The house mini-remodel is just getting under way now that I'm nearly done getting bids. My living room is now Devine Sangria
http://blog.devinecolor.com/article/19/fear-red-not Oooo it's so lovely.
Tomorrow the entryway and hallways get Devine Spice and Hazelnut. Ironic since I'm allergic to hazelnuts. Hopefully, the paint won't be fatal.
Finn has managed to stay out of the paint and very happy despite a cough that is sticking around. He woke up a bunch with it last night. I took him into the bathroom and ran the shower to calm down his chest, but all it did was wake him up and then I couldn't get him back to sleep. I'm exhausted. He went to bed early and this is the fourth day of not napping. I'm really torn about what to do, but I'm so tired of fighting to get him to sleep and I don't want to sleep train him.

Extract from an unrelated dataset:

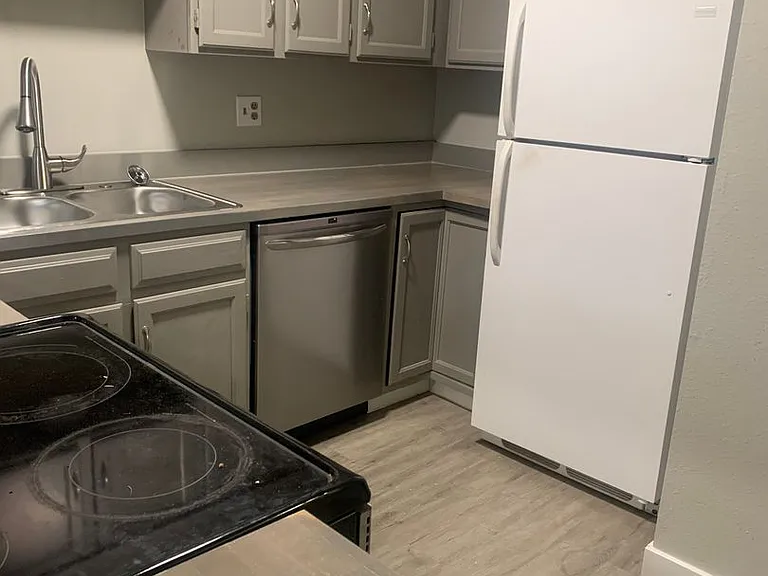 Regency Apartments 4805 — Photo 6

A friend recommended Healthy Sleep Habits, Healthy Child
http://www.amazon.com/Healthy-Sleep-Habits-Happy-Child/dp/0449004023/ref=sr_1_1?ie=UTF8&s=books&qid=1208319166&sr=8-1 I read most of it today while I was working out and the author had some very good points about the importance of sleep, it's affect on a child's learning and well-being and information about the distinctiveness of daytime sleep.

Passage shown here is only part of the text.